What Timaeus is saying is that the heavens move like a great cosmic dial and that this motion allows us to tell time.

So the mythical early physicist and the greatest of modern physicists are saying the same thing: Time is what the clock tells, in one case the cosmic clock, in the other a local watch. And so say all working physicists in between. It is a working, a so-called operational definition of time, and it works just fine—until you begin to think about it. That time is what the clock tells is what one might call a dispositive definition. It disposes of time as an issue. But if you turn it around and try to say that the clock tells time you’re in trouble. Time never appears on the face of a clock. Nor does it appear anywhere else in nature, ever. All other natural phenomena appear somehow to sight or hearing or touch. Of time not a trace.

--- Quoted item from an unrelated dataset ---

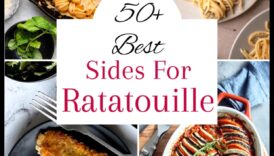 Οι Sides απελευθέρωσαν 50+ δημιουργικούς τρόπους για σκοπήσετε να αναδείξετε το πρωταρχικό πιάτο σας 6 Sides Unleashed: Μαγειρική δημιουργικότητα για να βελτιώσετε το γεύμα σας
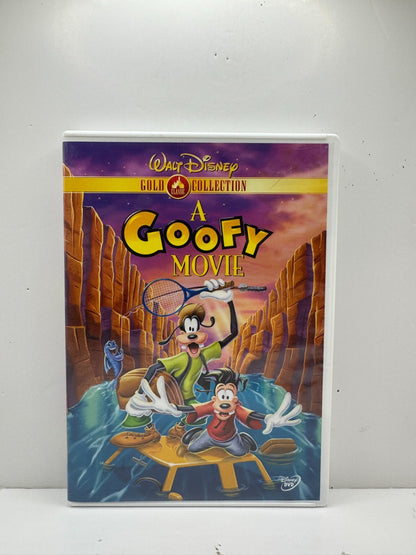 A Goofy Movie (DVD) Disney Animation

What does appear is motion. An analog clock is a standard cyclical motion. A digital clock is a standard progressive motion. Clocks are calibrated motions. There is no time actually used in physics and none that actually appears in nature. There is much more to be said about this shocking claim, and I’ll be happy to hear any arguments you might have.

Among other points then to be made, some, who have read Newton, might want to point out that Newton, at least, does stipulate true natural time, an equable flux that comes before motion. And I would answer that it is not only as physicist but also as theologian that Newton puts time into nature. For this so-called absolute time, which has no observable features, is probably not so much in nature as in God’s mind, in that part of God’s mind, called his “sensorium’ with which he is receptive to all of nature, its infinite spaces, its primary forces, its ultimate bodies. My point at the moment is, however, only to reinforce a conclusion I came to: Wherever time is seriously considered, mind, soul, consciousness and sensibility come on the scene. Time can only be internal, meaning within a mind, possibly God’s mind.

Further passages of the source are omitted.